Silicon Valley of the East: Chiphersteller und Zulieferer überrennen Malaysia

Das Land ist ein Gewinner im Konflikt zwischen China und den USA, doch der Erfolg könnte zu Problemen führen.

Artikel veröffentlicht am , Matthias Wellendorf
Penang, das "Silicon Valley of the East"
Penang, das "Silicon Valley of the East" (Bild: Jeniffer, Wai Ting Tan auf Pixabay)

Im Konflikt zwischen China und den USA gibt es viele Verlierer, aber auch Gewinner: Immer mehr Chiphersteller, aber auch Zulieferer, entdecken Malaysia als Produktionsstandort – nicht ganz freiwillig, wie die Financial Times (FT) berichtet.

Bereits seit den 1970er Jahren konnte das Land große Hersteller wie Intel, AMD, Renesas (einst Hitachi) oder Keysight Technologie (zuvor Hewlett-Packard) anziehen. Die Region Penang entwickelte sich zum Silicon Valley of the East und hat sich insbesondere beim Packaging und Testen der Chips profiliert. Auch aktuell profitiert Penang: Wer weiterhin Chips in die USA exportieren will, wird durch die verhängten Sanktionen immer stärker dazu gedrängt, seine Arbeit in China einzustellen bzw. an einen anderen Standort zu verlagern.

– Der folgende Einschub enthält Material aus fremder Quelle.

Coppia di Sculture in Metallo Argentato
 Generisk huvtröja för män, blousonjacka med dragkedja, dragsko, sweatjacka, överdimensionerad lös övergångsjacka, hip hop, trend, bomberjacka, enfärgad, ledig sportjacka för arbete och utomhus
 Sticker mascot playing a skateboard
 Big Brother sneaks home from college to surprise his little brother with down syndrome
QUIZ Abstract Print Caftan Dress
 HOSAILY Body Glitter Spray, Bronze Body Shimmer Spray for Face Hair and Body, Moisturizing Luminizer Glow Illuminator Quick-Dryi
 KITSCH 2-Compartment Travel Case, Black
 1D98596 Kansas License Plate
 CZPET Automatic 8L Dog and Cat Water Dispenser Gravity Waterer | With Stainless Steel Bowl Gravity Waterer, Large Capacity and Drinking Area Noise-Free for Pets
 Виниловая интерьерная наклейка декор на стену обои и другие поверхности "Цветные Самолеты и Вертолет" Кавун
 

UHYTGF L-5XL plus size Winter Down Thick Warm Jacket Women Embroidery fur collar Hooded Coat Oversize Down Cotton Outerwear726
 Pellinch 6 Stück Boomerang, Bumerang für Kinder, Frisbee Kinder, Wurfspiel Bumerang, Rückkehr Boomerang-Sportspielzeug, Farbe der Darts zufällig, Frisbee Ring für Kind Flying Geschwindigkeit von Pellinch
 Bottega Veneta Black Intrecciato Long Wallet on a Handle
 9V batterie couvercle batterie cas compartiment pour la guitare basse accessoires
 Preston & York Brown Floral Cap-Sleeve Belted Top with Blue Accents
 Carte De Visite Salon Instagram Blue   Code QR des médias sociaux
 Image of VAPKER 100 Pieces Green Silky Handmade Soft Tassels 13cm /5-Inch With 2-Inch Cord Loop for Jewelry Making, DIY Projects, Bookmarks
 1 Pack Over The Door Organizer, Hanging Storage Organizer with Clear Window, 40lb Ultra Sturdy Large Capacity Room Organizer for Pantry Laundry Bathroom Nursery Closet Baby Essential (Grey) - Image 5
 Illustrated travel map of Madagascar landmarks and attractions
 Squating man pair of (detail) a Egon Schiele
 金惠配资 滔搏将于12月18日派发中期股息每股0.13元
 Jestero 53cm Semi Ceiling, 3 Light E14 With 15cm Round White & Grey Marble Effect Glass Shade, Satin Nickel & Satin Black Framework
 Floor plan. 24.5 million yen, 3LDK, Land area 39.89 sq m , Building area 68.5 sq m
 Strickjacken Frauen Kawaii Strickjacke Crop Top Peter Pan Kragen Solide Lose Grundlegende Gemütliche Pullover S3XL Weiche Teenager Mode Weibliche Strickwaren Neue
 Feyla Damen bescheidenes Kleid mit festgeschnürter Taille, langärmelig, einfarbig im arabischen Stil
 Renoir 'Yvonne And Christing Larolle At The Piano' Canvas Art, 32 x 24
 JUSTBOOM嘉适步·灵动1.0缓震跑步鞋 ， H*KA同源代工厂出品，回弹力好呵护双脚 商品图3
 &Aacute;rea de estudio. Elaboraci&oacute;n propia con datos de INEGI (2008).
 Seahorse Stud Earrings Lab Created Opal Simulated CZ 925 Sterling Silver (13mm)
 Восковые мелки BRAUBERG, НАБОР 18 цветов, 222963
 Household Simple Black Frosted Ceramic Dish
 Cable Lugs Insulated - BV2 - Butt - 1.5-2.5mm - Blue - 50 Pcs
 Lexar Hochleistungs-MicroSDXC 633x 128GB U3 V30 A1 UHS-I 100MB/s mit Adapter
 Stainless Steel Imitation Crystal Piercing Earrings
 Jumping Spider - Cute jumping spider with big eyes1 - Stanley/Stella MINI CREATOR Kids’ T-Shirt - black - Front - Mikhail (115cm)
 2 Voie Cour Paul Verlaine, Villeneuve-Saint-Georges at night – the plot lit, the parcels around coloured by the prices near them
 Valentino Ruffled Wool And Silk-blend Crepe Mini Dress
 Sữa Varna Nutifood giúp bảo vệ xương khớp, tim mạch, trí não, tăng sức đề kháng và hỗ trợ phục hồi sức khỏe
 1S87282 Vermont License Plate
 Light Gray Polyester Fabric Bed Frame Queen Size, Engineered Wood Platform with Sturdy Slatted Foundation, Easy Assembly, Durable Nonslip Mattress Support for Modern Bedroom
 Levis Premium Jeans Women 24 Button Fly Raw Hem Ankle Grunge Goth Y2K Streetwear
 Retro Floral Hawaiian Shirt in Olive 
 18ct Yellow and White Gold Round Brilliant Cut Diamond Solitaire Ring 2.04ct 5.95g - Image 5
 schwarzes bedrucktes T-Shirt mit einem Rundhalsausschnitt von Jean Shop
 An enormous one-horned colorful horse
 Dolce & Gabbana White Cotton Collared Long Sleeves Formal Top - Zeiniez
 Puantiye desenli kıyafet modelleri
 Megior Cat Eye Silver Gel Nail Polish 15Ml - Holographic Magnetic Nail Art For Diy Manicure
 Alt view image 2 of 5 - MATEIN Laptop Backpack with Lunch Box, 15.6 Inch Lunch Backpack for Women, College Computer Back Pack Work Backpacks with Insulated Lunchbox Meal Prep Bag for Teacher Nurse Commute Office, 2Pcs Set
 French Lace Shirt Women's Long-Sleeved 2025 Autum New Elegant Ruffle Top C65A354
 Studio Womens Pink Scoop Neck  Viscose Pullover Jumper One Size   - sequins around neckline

Im vergangenen Jahr wurden laut FT Investitionen im Gesamtumfang von 12,8 Milliarden US-Dollar in Penang verzeichnet. Intel wird in den Ausbau seiner Fertigungsstätten 7 Milliarden Dollar investieren, Infineon plant 5,4 Milliarden Dollar für einen neuen Standort. Und chinesische Produzenten folgen. Zumeist als Zulieferer tätig, suchen sie nach Wegen, um an ihren etablierten Geschäftsbeziehungen festhalten zu können.

Ausweitung der US-Sanktionen auf Malaysia wegen chinesischer Hersteller?

Doch mit den neuen Investoren wachsen auch die Sorgen in der malaysischen Regierung, und das nicht nur, weil der Region die Fachkräfte ausgehen. Unter den chinesischen Neuansiedlungen sind nicht nur Zulieferer, sondern auch Chipentwickler wie Starfive Technology, führend bei Chips mit RISC-V-Architektur.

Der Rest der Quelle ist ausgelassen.